- Directed by: Kapuganti Rajendra
- Written by: Visu
- Produced by: Allu Ramalingaiah
- Starring: Rao Gopal Rao Gollapudi Maruthi Rao Annapoorna Maharshi Raghava Sumalatha
- Music by: Gangai Amaran
- Release date: 19 September 1992;
- Country: India
- Language: Telugu

= Dabbu Bhale Jabbu =

Dabbu Bhale Jabbu is a 1992 Indian Telugu-language family drama film directed by K. Rajendra and produced by Allu Ramalingaiah. The cast includes Gollapudi Maruthi Rao, Rao Gopal Rao, Annapoorna, Maharshi Raghava, and Sumalatha. The film was a remake of the Tamil film Varavu Nalla Uravu (1990) which was based on the American film Make Way for Tomorrow (1937). The film received two Nandi Awards.

==Plot==
Kutumba Rao believes that human relations are more important than money. He lives with family of two sons and two daughters. Kutumba Rao receives Rs.2,25,000 as retirement benefit. Every one of his sons and daughters wants a share of it. His son-in-law wants to start a business. Both of his sons wants to construct their own houses nearer to their offices. In exchange, they would give Rs.500 to their father. So he spends all of his retirement money and sells his own his house to satisfy his children.

Rao Gopal Rao had a bitter past and has a strong opinion against human relations. He thinks that money is more important than everything else in this world. His son (Raja) marries Hema, an orphan. He has a brother, Diwakar. He also behaves irresponsibly. He explains to her the incidents which changed his father and their family and hands over the responsibility of setting things right in his family. She does her level best to change their mindset. Diwakar fall in love with Lakshmi, daughter of Kutumba Rao.

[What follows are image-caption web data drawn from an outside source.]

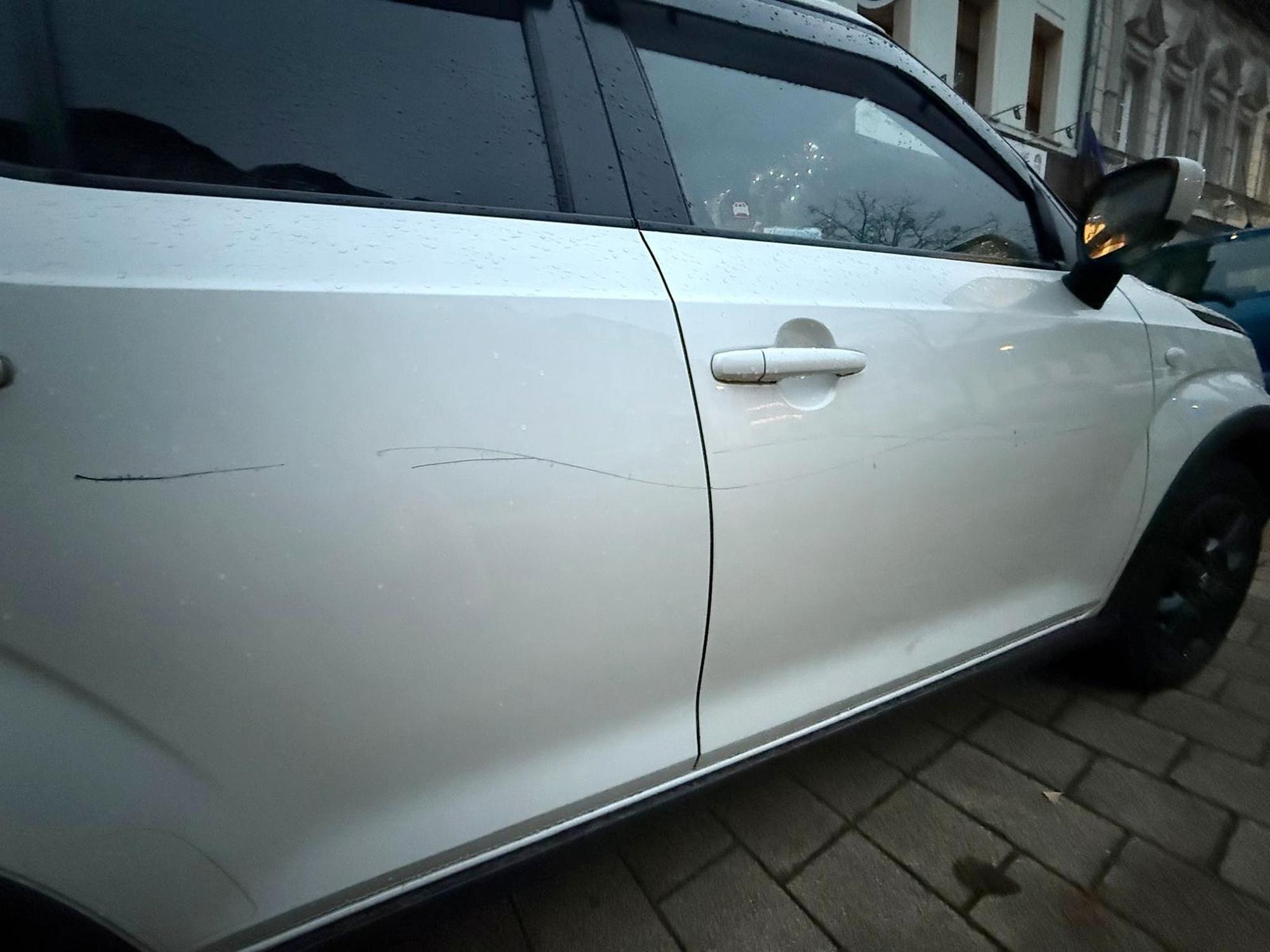 Das Bild zeigt ein weißes Auto mit einem langen Kratzer.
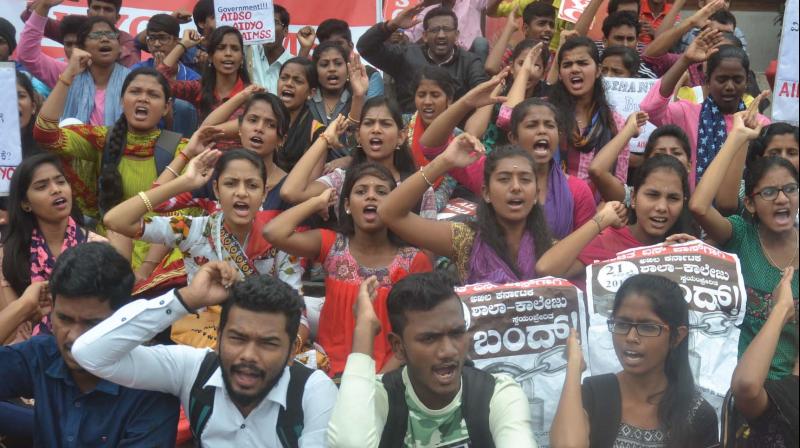 Students stage a protest demanding free bus pass, in Bengaluru on Saturday      (Image: DC)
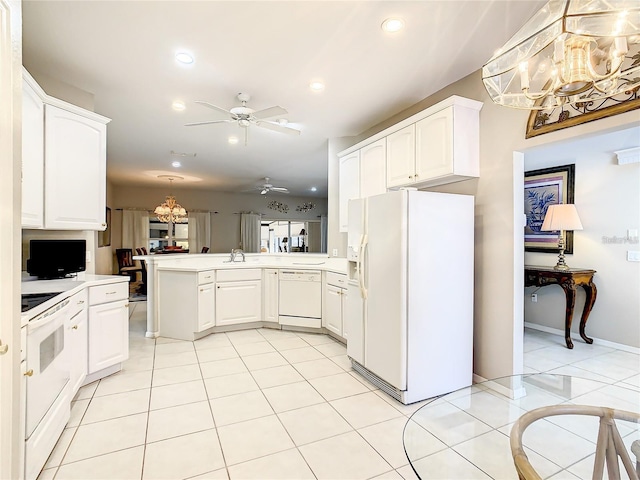 kitchen featuring white cabinetry, white appliances, kitchen peninsula, and hanging light fixtures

Slowly, Kutumba Rao's children disown him because he is retired now and no longer earning. They treat their parents as their house maids. When Kutumba Rao protests, they want to share their parents. He learns of this, he argues with his elder son, and walks out of his house to go to the younger son's house. He faces the same fate there also. He abandons both his sons and moves to a small hut along with his wife and youngest daughter with the help of Rao Gopal Rao.

Understanding her father's situation, Lakshmi marries Diwakar so that her marriage would not be a burden for him. Fed up with the behavior of Rao Gopal Rao despite her best efforts to change him, Hema walks out of his home along with her husband. Diwakar also decides to live with his brother, recognizing the value of family. Finally, Rao Gopal Rao realizes his mistake and unites with his family.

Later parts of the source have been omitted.